Chris - Many thanks for your message. I'll see if I can find the brushes but since tapping the pump with a hammer appears to re-start it, I suspect that the pump may be blocked with sludge.

Cheers,


----------



## wacor (Feb 22, 2005)

depends on the motor

most now a days for things like this have centrifugal switches.

get me a model number of the pump and I can probably help.

also see if there is a capacitor. if so you need to check that if you have an ohm meter. the centrifugal switch and the start capacitor work together. capacitor helps motor to start and then centrifugal switch takes that winding out of use.

I have seen many motors that have a tight spot due to age or power issues where they got damaged. every time the motor stops at that particular point it will be too tight to want to start. after enough tries then it has moved enough to where it will start. could be something like that too.

is this problem intermittent or *every* time the pump starts??


----------



## wacor (Feb 22, 2005)

ok that is not quite what I thought it was. 

you need to google and see if you can find a manual that shows how to take it apart.

replacing it probably is not that tough if you can do plumbing.

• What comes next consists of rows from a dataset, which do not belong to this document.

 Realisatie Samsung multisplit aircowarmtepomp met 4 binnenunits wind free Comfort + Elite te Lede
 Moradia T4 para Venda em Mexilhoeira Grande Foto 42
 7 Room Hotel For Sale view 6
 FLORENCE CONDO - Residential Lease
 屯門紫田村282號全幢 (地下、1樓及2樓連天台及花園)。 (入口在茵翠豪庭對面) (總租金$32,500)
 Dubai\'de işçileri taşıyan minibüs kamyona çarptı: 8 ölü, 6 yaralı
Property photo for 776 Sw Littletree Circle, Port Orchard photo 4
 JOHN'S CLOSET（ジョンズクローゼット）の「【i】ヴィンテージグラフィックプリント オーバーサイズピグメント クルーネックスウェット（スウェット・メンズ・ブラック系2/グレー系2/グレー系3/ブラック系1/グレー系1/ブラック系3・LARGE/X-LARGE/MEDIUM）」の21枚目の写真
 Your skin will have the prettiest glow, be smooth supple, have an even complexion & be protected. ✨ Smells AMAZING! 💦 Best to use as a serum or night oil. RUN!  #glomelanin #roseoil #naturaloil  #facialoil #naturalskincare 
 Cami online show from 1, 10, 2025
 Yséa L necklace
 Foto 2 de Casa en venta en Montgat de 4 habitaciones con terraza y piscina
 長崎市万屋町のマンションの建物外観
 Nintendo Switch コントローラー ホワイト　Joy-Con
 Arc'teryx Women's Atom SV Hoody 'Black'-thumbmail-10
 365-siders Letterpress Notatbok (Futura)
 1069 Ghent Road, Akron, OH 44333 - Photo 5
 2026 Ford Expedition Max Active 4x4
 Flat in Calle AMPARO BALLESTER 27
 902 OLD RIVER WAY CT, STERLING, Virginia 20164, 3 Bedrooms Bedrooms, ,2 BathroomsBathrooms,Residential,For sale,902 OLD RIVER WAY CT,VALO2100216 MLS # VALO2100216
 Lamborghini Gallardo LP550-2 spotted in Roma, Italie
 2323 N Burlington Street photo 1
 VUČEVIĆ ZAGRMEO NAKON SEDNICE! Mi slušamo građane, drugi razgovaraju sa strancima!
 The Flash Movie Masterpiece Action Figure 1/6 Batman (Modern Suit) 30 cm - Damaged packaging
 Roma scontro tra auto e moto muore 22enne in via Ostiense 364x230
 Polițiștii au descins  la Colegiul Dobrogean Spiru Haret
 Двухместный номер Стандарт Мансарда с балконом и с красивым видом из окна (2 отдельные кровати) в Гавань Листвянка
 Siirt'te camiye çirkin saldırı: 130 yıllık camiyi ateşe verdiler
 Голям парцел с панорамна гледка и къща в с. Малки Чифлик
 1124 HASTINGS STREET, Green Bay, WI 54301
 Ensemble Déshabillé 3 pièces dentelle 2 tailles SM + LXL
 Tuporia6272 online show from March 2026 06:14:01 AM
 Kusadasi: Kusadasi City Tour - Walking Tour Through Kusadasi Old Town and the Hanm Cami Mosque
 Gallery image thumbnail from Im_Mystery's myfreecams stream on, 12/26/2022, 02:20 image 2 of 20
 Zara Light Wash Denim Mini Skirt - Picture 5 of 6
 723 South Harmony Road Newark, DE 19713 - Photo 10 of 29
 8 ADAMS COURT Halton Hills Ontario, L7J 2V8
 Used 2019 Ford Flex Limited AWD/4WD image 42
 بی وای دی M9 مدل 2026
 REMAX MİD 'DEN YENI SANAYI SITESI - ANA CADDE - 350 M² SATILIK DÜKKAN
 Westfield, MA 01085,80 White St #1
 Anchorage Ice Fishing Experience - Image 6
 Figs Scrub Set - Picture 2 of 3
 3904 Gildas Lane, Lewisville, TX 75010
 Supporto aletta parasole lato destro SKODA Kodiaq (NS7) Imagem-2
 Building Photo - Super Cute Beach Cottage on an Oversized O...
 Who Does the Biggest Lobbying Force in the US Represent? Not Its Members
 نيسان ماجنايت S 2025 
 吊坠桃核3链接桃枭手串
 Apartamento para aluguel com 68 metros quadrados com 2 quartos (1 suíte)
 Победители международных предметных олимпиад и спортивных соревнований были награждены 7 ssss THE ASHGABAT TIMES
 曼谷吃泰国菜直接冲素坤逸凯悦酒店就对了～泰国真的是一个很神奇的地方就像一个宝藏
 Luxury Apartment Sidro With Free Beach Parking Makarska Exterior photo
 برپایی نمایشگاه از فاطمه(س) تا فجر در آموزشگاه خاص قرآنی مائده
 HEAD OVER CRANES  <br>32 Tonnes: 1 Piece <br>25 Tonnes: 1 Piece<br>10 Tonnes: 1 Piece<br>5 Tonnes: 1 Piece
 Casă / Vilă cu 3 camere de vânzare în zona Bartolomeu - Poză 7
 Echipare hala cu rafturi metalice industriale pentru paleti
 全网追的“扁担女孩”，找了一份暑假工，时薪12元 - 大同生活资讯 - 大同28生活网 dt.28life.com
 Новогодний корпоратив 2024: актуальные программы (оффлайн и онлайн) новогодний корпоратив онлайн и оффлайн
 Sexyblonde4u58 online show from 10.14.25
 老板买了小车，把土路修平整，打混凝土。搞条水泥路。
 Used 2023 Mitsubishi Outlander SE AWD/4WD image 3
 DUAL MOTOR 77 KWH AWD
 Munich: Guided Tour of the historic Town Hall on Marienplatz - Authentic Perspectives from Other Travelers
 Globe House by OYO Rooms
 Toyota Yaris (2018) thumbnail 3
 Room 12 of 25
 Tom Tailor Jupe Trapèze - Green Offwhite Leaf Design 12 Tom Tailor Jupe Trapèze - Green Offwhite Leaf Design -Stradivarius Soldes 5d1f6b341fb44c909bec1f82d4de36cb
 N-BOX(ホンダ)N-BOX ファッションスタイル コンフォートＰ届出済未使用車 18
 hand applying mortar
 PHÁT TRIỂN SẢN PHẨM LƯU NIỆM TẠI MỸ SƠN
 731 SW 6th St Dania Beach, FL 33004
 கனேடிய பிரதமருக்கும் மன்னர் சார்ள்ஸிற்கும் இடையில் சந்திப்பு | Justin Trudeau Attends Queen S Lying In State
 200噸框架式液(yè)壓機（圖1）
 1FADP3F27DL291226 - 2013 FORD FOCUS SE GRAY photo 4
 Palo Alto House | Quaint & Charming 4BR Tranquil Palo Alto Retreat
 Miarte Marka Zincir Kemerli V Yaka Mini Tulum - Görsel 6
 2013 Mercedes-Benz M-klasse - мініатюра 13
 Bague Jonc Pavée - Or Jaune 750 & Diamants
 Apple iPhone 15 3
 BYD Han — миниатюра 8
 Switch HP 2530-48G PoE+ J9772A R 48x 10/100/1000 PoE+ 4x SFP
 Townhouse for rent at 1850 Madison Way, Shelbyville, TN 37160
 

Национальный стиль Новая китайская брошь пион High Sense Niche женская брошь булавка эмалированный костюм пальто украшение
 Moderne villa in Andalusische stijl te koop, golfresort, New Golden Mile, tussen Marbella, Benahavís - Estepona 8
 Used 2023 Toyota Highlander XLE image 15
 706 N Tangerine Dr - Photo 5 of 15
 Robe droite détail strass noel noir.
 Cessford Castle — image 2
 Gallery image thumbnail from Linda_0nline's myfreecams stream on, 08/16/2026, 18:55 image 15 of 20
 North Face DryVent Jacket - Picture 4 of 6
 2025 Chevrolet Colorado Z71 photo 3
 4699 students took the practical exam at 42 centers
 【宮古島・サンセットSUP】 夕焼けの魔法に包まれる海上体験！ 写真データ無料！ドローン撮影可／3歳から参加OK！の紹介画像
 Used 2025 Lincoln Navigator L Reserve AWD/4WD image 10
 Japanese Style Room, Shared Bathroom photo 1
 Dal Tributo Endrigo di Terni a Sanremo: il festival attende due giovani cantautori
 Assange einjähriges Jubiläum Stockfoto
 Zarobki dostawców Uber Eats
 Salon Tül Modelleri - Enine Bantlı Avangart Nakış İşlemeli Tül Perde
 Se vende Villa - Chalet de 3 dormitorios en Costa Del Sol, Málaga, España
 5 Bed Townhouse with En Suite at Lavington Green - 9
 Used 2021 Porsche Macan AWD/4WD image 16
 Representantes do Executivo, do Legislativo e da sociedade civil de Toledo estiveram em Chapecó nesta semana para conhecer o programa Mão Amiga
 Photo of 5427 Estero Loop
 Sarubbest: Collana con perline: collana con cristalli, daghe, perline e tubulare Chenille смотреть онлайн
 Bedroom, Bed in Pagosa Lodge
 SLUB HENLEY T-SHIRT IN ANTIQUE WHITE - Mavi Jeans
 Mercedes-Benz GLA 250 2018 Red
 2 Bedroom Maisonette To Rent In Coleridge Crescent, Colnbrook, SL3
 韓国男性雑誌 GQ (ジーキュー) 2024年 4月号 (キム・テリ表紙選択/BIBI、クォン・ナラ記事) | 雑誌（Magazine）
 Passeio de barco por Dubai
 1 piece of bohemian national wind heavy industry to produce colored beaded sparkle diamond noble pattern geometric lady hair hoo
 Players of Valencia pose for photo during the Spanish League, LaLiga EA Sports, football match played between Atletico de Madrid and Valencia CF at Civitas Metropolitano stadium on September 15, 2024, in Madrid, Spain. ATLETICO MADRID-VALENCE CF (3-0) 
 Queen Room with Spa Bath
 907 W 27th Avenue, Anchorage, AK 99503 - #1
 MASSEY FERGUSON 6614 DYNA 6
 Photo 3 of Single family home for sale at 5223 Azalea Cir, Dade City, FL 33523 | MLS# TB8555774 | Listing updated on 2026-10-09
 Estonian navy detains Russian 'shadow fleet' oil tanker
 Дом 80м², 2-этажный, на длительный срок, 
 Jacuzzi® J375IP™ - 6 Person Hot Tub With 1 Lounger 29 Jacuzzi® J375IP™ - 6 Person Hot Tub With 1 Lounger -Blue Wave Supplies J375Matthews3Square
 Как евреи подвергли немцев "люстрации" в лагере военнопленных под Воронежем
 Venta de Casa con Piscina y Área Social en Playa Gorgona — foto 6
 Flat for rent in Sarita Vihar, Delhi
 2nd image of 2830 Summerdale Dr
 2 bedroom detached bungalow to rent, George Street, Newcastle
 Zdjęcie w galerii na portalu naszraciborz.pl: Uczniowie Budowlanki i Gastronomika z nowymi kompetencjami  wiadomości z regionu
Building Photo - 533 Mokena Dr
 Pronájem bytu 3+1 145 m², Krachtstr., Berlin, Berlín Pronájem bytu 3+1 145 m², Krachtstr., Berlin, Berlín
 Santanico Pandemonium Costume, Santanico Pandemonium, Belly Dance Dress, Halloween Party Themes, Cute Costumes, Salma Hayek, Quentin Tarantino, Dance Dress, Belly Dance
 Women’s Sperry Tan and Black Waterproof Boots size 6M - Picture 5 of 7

you still should get hot water to move thru it. just takes time as you do not have it recirculating


----------



## rob.rice (Apr 18, 2006)

sorry man but you have to replace the pump 
those pumps can not be repaired it's pressed and welded tougher 
the good news it's easy to replace


----------



## Witleystation (Oct 31, 2008)

Many thanks for all input - and apologies for slow acknowledgement!
I removed the pump without too much difficulty and discovered a piece of metal the size of a shirt button jammed in the pump blades. This must explain why tapping the pump with a hammer would re-start it. I could see no damage to the blades nor signs of wear on the bearing so I have re-fitted the pump and so far it has worked fine. I have ordered a replacement pump anyway. My wife now thinks that I am a plumbing god...


----------



## rob.rice (Apr 18, 2006)

as long as your a hero in your wife's eyes it's worth the work


----------